As my colleague Matthew Weller pointed out here, the RBNZ said it was looking into ways to tighten rules around lending for residential property investors by targeting rental properties. The bank is looking at making property investment a class of its own, as opposed to the current regime that doesn’t differentiate between owner-occupiers and rental properties.
Also, the definition of ‘investor’ appears to be under scrutiny, with the RBNZ dumping the prior criteria that defines an investor as those that own five houses or more. The new definition is unclear, but it’s likely to encompass many more people than the current criteria, thereby multiplying the effect of any restrictions on residential property investment.
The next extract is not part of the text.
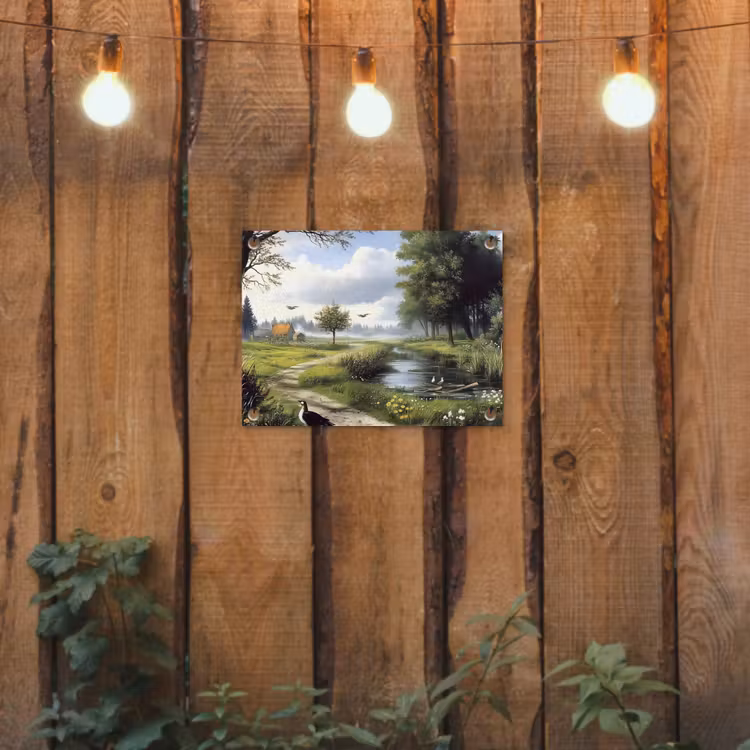 Tuinposter - Zandpad - Groen landschap - Water — 2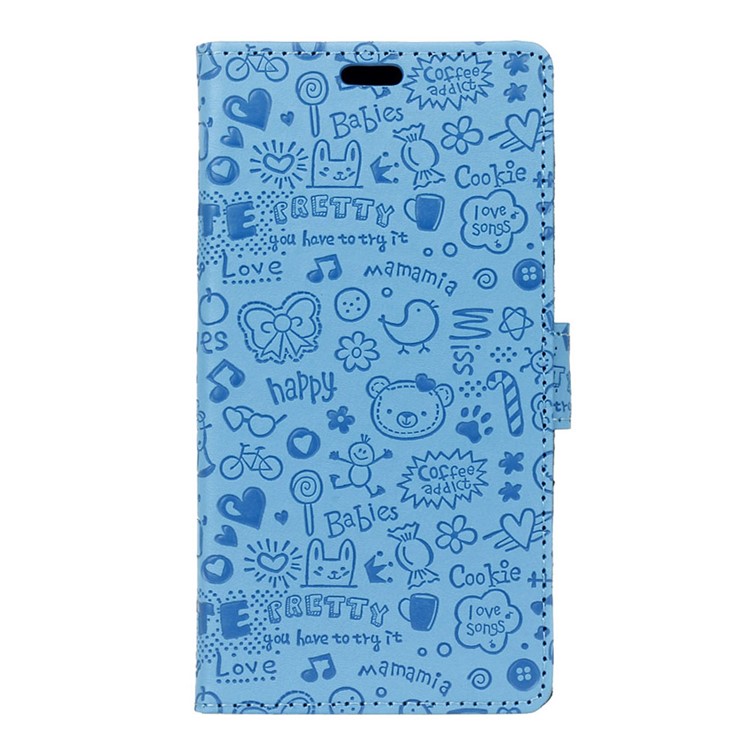 Cartoon Graffiti Stand Leather Phone Case for Huawei Honor 5c / GT3 - Blue-1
Why is this bad news for the kiwi?
Inflation pressures are fairly lacklustre in NZ, except for house price inflation. Upward pressure on house prices was a, if not the, main reason for the RBNZ’s decision to increase the official cash rate by 100 basis points last year (from 2.5% to 3.5%). Once this threat is removed, the RBNZ can focus more on supporting the broader economy. This doesn’t necessarily mean the bank will cut the OCR, but it makes it far more likely that interest rates will remain at their present low levels for an extended period of time.
The idea that the RBNZ will remain on hold for longer, or even cut interest rates if NZ inflation outlook worsens further, removes a major fundamental support for the NZ dollar. This was evident by a massive sell-off in the commodity currency in the last 24 hours. A collapse which brought NZDUSD around 140 pips lower at its lowest point.
NZDJPY’s hard-won rally is being undone
After breaking through a key resistance zone around 90.00 late last month, NZDJPY was able to quickly push above 91.00. However, the collapse of the kiwi has pushed the pair back to a sticky zone around 90.00. A sustained break here may see the sell-off continue towards the pair’s 200-day SMA. If NZDJPY can regain its footing, we will be eyeing a resistance zone around 91.15.